**EXERCISE DIRECTIONS:** Given the records below, would you repeat exactly the lines that begin at the one containing "view from the back yard" and end at the one containing "Đất nền KDC", inclusive?

§

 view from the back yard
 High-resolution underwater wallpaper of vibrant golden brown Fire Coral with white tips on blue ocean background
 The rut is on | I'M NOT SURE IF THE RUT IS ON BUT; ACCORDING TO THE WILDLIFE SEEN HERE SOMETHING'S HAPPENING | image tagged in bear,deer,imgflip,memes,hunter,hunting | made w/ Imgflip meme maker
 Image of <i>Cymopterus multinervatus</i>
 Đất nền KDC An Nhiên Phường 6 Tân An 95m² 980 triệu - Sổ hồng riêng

§

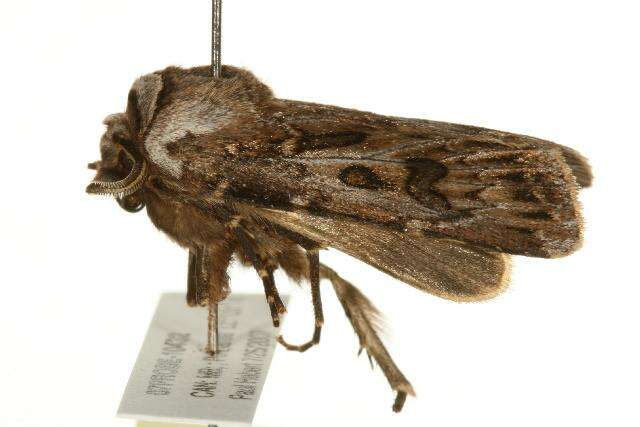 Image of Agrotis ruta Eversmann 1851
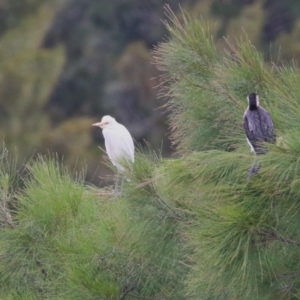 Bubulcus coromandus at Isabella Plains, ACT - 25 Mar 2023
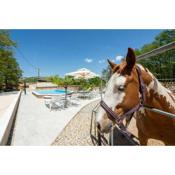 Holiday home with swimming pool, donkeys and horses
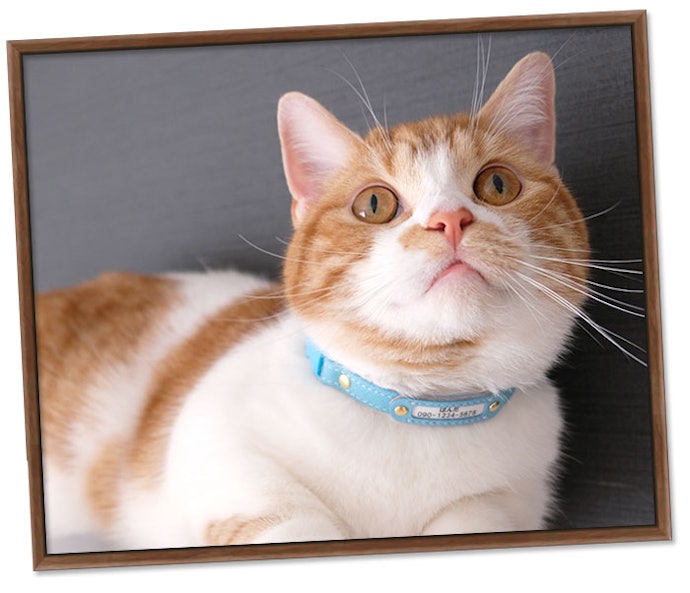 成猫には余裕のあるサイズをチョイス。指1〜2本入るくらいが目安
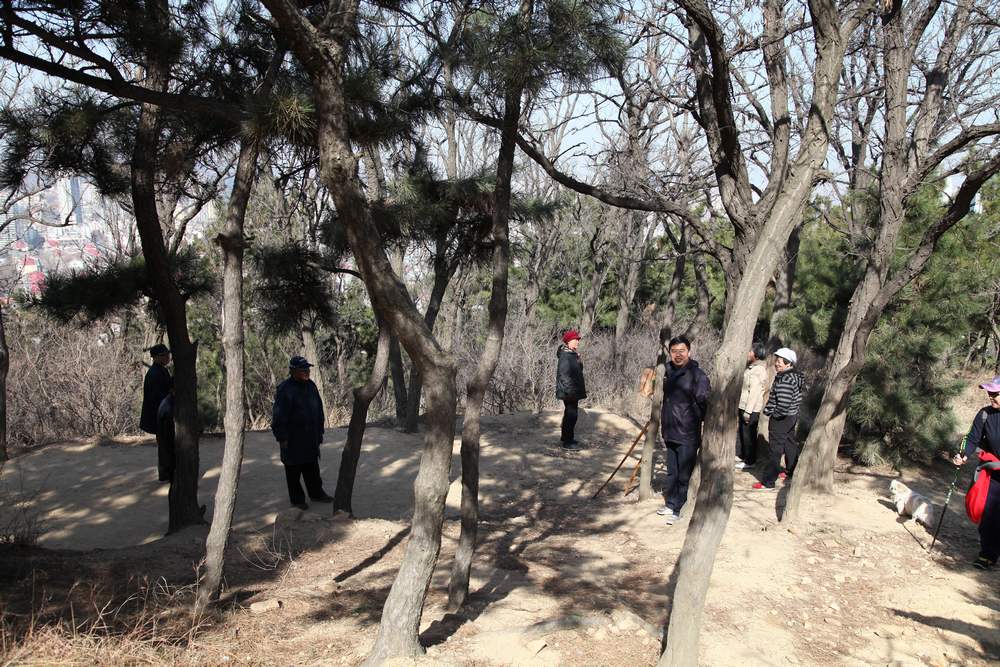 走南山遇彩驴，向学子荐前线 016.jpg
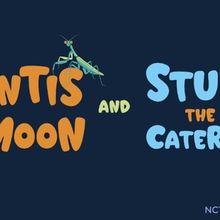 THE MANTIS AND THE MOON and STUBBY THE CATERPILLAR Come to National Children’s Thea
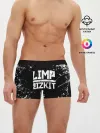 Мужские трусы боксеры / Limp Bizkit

§

**REPLY:**
 view from the back yard
 High-resolution underwater wallpaper of vibrant golden brown Fire Coral with white tips on blue ocean background
 The rut is on | I'M NOT SURE IF THE RUT IS ON BUT; ACCORDING TO THE WILDLIFE SEEN HERE SOMETHING'S HAPPENING | image tagged in bear,deer,imgflip,memes,hunter,hunting | made w/ Imgflip meme maker
 Image of <i>Cymopterus multinervatus</i>
 Đất nền KDC An Nhiên Phường 6 Tân An 95m² 980 triệu - Sổ hồng riêng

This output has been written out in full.